By Diana Anderson
Students from Lemont High School are working with Argonne National Laboratory to write the lab’s 2011 Summary Site Environmental Report. In preparation for this project, the students toured Argonne’s sustainable facilities and energy research labs on December 11.
Argonne Environmental Monitoring and Surveillance Manager Larry Moos provided a lesson on phytoremediation — the organic process of eliminating contaminants from shallow groundwater through the use of plants and trees.
“Since the students are writing Argonne’s Summary Site Environmental Report, we wanted them to see some of our facilities and operations first-hand so they can write a more informed report for the public,” said Moos. “They’re reading this long, difficult annual report, and their purpose is to write a summary that is easier to understand and digest.”
As part of the tour, Lemont students visited Argonne’s new 10 kW wind turbine. At 112 feet tall, it is considered to be small to medium height according to wind turbine standards. The commercial wind turbines that are often seen in the Chicagoland region along highways are about typically about 450 feet tall, to put it in perspective. Argonne’s wind turbine provides power to a nearby building, saving an estimated 10 metric tons of greenhouse gas emissions annually and Argonne scientists also use the turbine as a test bed for research on wind and power distribution in the Midwest region.
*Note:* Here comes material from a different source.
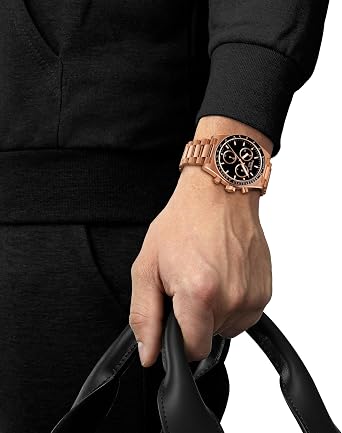 Tissot PR516 Chronograph, Swiss Quartz Watch for Men, Stainless Steel Case and Bracelet with Rose Gold PVD Coating, 41mm, T1494173305100
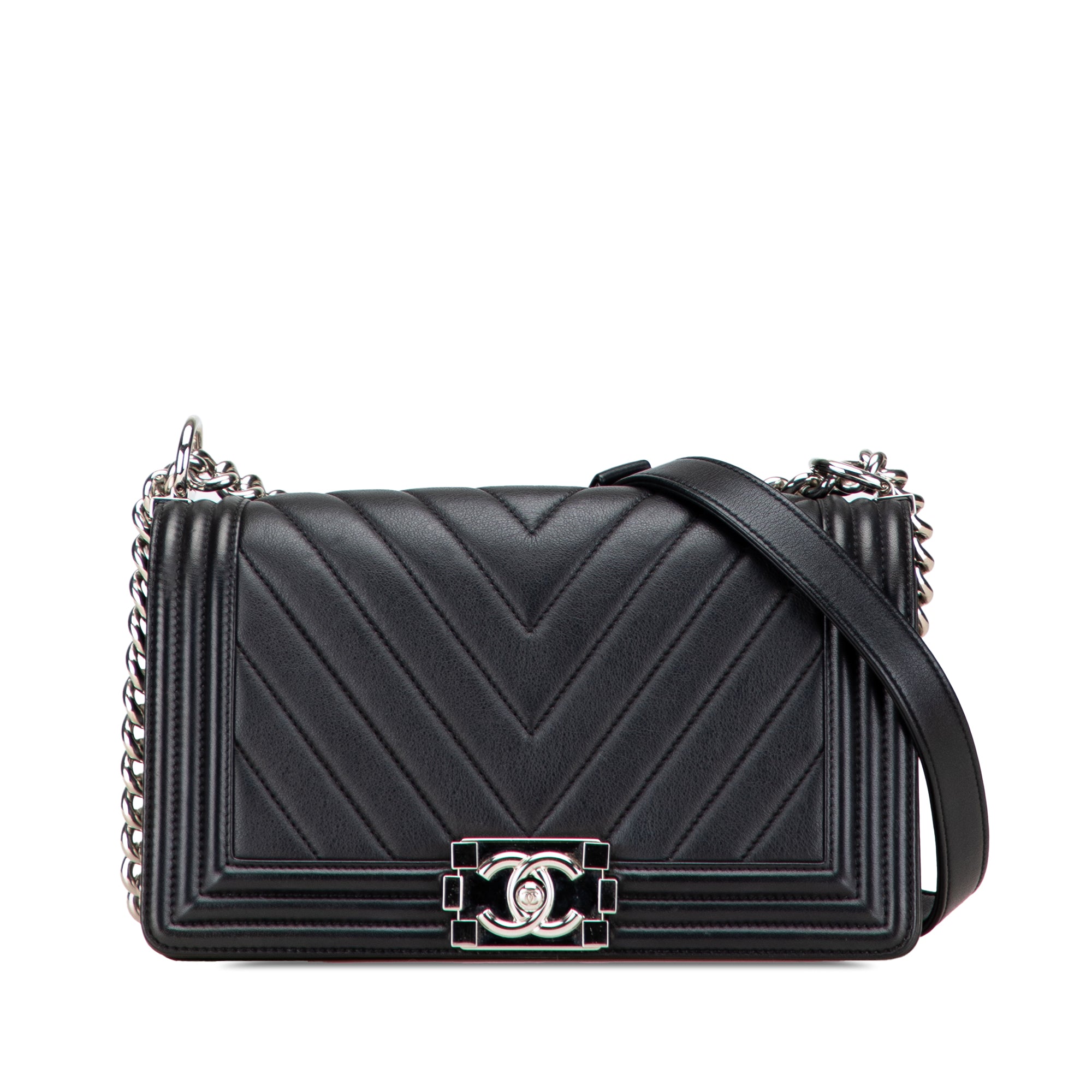 Old Medium Chevron Calfskin Boy Flap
“The students were interested in more than just the mechanics of renewable energy technology,” said Sustainability Program Manager Devin Hodge. “They were also interested in how it has practical applications in their lives and the future of home construction.”
The students also had an opportunity to tour Argonne’s transportation research area where Principal Project Engineering Specialist Glenn Keller gave the students some insight into trends that are going on right now in transportation. “Our country’s goal is to achieve sustainability in transportation,” said Keller. “Sustainability in this case means the types fuels we use. The goal is to reduce our dependence on foreign petroleum and in doing so, focus on alternative energy sources such as renewable fuels, natural gas and electricity. The new thinking is that we consider electricity as a transportation fuel.”
“In terms of real world experience, the students will be published authors by the time they graduate from high school and that will look great on their college applications,” said Moos. “They’ll also get to collaborate with Argonne scientists, which is a unique opportunity for high school students.”
The students’ finalized summary report will be published and posted on Argonne’s GreenLab Initiative website.